Безжалостно, насмешливо и презрительно «господин Фуше» выгнан на улицу; он уже больше не именуется светлостью, он больше не комтур Почетного легиона, больше не сенатор, больше не министр, больше не носитель знаков отличия; кроме того, саксонскому королю дается понять, что и личное пребывание этого субъекта, Фуше, в Дрездене более нежелательно. Тот, кто сам отправил тысячи в изгнание, следует за ними теперь, двадцать лет спустя, как последний из боровшихся в Конвенте, без пристанища, проклинаемый, изгнанный. И теперь, когда он лишен власти и свободен, как птица, ненависть всех партий так же единодушно обрушивается на низложенного, как прежде симпатии всех партий окружали властелина. Теперь не помогают больше ни уловки, ни протесты, ни уверения: властелин без власти, низложенный политик, сошедший со сцены интриган — всегда самое жалкое существо на земле. Поздно, но с безмерными процентами заплатит теперь свой долг Фуше, никогда не служивший какой-нибудь идее, моральной страсти человечества, а всегда лишь — преходящей благосклонности мгновения и людей.
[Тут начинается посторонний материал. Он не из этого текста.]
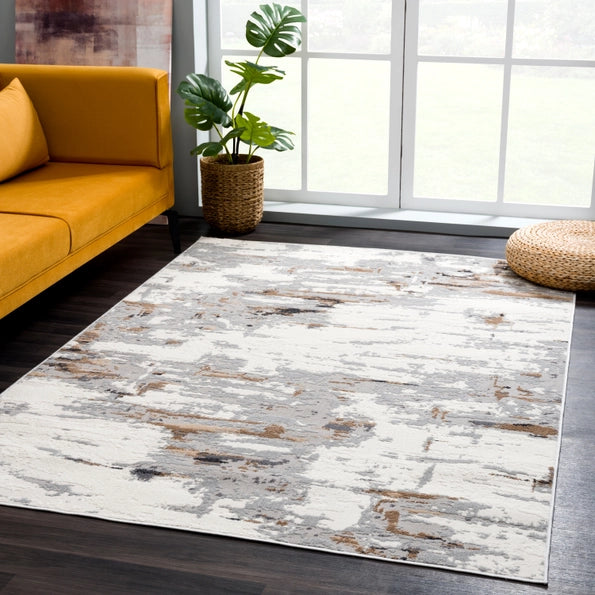 Contemporary Grey Paint Strokes Rug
Куда же теперь? Изгнанный из Франции герцог Отрантский сначала не заботится об этом. Разве он не любимец русского царя, не доверенный Веллингтона, победителя при Ватерлоо, не друг всесильного австрийского министра Меттерниха? Разве не обязаны ему баварские князья и Бернадоты, которых он посадил на шведский престол? Разве не близок он уже многие годы со всеми дипломатами, разве не добивались страстно все князья и короли Европы его благосклонности? Ему достаточно (так думает низложенный) только сделать лишь легкий намек, и каждая страна будет настойчиво добиваться чести принять изгнанного Аристида. Но какая разница в обращении мировой истории с низложенным и с властелином! Несмотря на многократные намеки, со стороны русского двора не приходят приглашения, так же как и от Веллингтона; Бельгия отказывается — там уже достаточно старых якобинцев, Бавария осторожно уклоняется, и даже старый друг, князь Метгерних, держится до странности холодно. Да, конечно, если герцог Отрантский уж очень хочет, он может отправиться в Австрию, там великодушно готовы ничего не иметь против. Но он ни в коем случае не может е*ать в Вену, нет, там его присутствие не может понадобиться, и также в Италию — ни при каких условиях. В крайнем случае, в маленьком провинциальном городке, и то не в Нижней Австрии, то есть близко от Вены, может он поселиться (предполагается хорошее поведение). Да, он не слишком настойчив, старый добрый друг Метгерних, и даже то, что обладающий миллионами герцог Отрантский предлагает вложить все свое состояние в австрийские земли или государственные бумаги, то, что он предлагает отдать своего сына на службу в королевскую армию, не смягчает сдержанного тона австрийского министра. Когда герцог От-рантский предлагает посетить Вену, он вежливо отклоняет: нет, ему лучше тихо и мирно отправиться в Прагу.

Так, собственно, без настоящего приглашения, без чести, скорее терпимый, нежели зазываемый, перебирается Жозеф Фуше из Дрездена в Прагу, чтобы обосноваться там: его четвертое изгнание, последнее и самое жестокое, началось.

В Праге также все не слишком восхищены прибытием высокого, во всяком случае, круто скатившегося с высоты гостя, в особенности неприязненно относится к внезапному пришельцу потомственная аристократия. Богемские дворяне все еще читают французские газеты, которые как раз сейчас изобилуют мстительными и яростными выпадами против «господина Фуше»; они часто и очень подробно рассказывают, как в 1793 году этот якобинец опустошал церкви в Лионе и обчищал кассы в Невере. Все маленькие писаки, которые прежде трепетали перед тяжелым кулаком министра полиции и должны были держать за зубами свое негодование, беспрепятственно плюют теперь на беззащитного.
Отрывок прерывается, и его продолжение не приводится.